E la cifra fantastica attraversa pure il primo movimento di questo documentario premiato con l’Orso d’Oro della Berlinale 2024. Allorché emergono dai sotterranei dei musei francesi in cui sono preservate, per essere accuratamente imballate e spedite alle terre d’origine, le opere del tesoro reale di Dahomey risorgono alla vita come da una cripta, attraverso uno sguardo della macchina da presa che le ammanta di una dimensione quasi mistica e sacrale.
Una voce cavernosa e carismatica, che fluttua con la nonchalance di un griot (i cantori itineranti dell’Africa occidentali) tra toni epici, lirici e ironici, accompagna il loro ritorno, in un sortilegio cinematografico orchestrato dall’elaborata combinazione del sonoro con l’accompagnamento delle affascinanti musiche di Wally Badarou e Dean Blunt. La voce è probabilmente quella di Re Gezo, sovrano raffigurato in una delle statue sulla rotta del ritorno e si esprime nella lingua del suo antico regno, il fon.
Una volta che le sculture hanno attraversato i flutti dell’oceano che le aveva viste trafugate e hanno raggiunto nuovamente l’Africa, Mati Diop si concentra sulla loro “accoglienza” nella terra d’origine, a più di cent’anni dalla loro partenza.

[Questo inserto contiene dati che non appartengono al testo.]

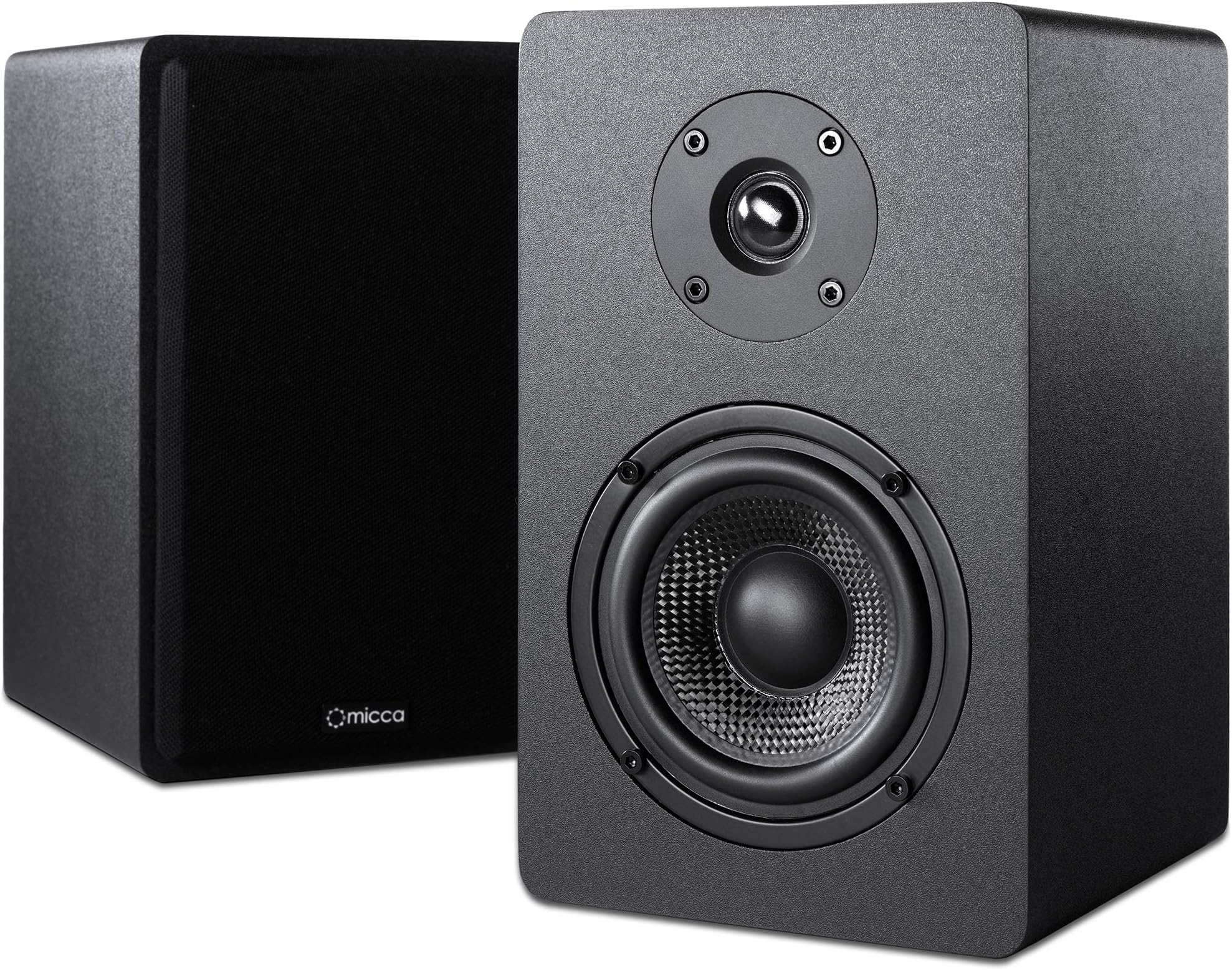 PB42X Powered Bookshelf Speakers, 30-Watt RMS Power, Active Near Field Studio Monitors, 2-Way (Black, Pair)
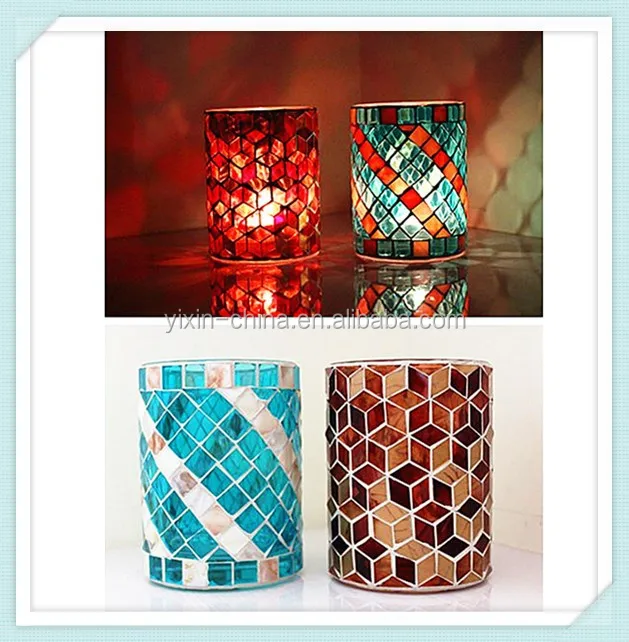 Цилиндрическая мозаика ручной работы 20*45 см чайная стеклянная светодиодная электрическая свеча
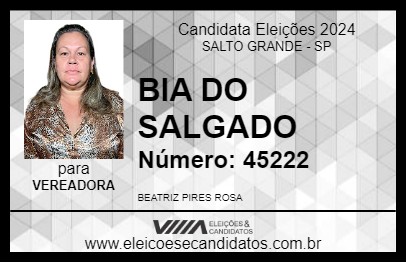 Candidato BIA DO SALGADO  2024 - SALTO GRANDE - Eleições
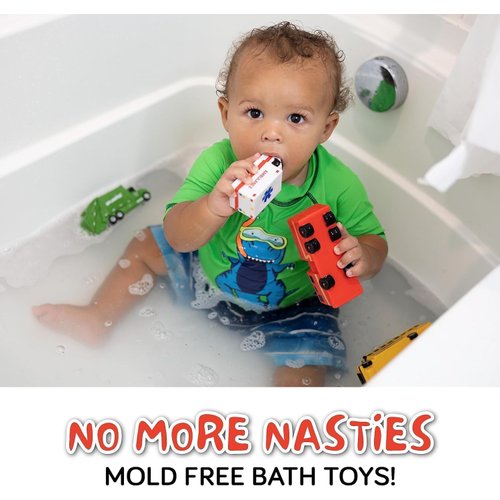 SplashEZ Mold Free Bath Toys for Babies & Toddlers, No Hole Bath Toys, Non Squirting Bath Toys No Mold for Tub, Beach, Pool, Safe, Fun Infant Baby Bath Toys No Holes 0 1 3 6 12 18 Months, 6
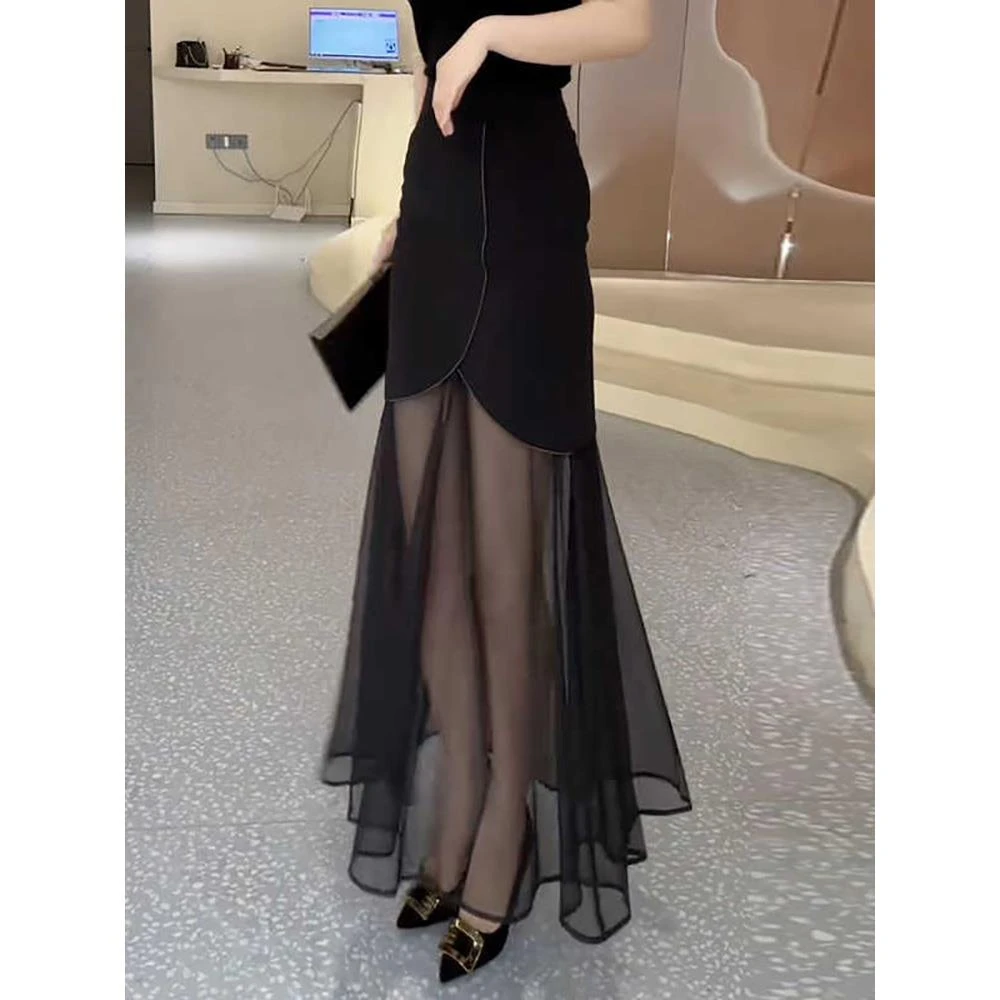 轻奢气质女人味半身裙女高腰包臀性感网纱拼接长裙子夏季字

E se la voce di Re Gezo è quella di un passato ‘rubato’, intriso di mito e intangibile meraviglia, dal presente del Benin si leva la polifonia plurale e sorprendente di un lungo e stimolante dibattito tra studenti universitari.
Il registro di Dahomey si adatta all’osservazione e all’ascolto e qui, lo stupore è ingenerato (giustamente) dalla profondità e dalla positiva provocatorietà delle opinioni degli studenti. In quel dibattito sulla restituzione degli artefatti, Mati Diop ci offre un prezioso controcampo sulla spinosa questione post-coloniale attraverso le molte domande e contraddizioni sollevate dagli studenti. Le questioni della memoria, del presente e dell’identità hanno per questi giovani una bruciante rilevanza che non ha nulla di pigramente accademico o di programmatico politicamente corretto. E non è un caso che una delle constatazioni più pregnanti e dolorose venga da una studentessa che articola il paradosso di una conversazione post-coloniale veicolata attraverso la lingua del colonizzatore.
Dahomey è un lavoro d’ingannevole semplicità: come in un trompe-l’œil, la prima percezione può far pensare ad un’opera banalmente discorsiva; a più attenta osservazione, si comprende che la sua forma e la sua concettualizzazione hanno un’organicità dialettica che coniuga il linguaggio del cinema e le sue potenzialità con una profonda aderenza al soggetto e alle molteplici sfumature poetiche e politiche che può veicolare.
Mati Diop ci aiuta a comprendere che questo prisma o caleidoscopio della non riconciliata e non riconciliabile conversazione post-coloniale, declinato in vivido e vitale linguaggio di cinema, deve interessare in maniera critica entrambe la parti in gioco. Altrimenti, i tesori di Dahomey si riducono a sculture lignee intrappolate in una teca, che siano in Francia o in Benin.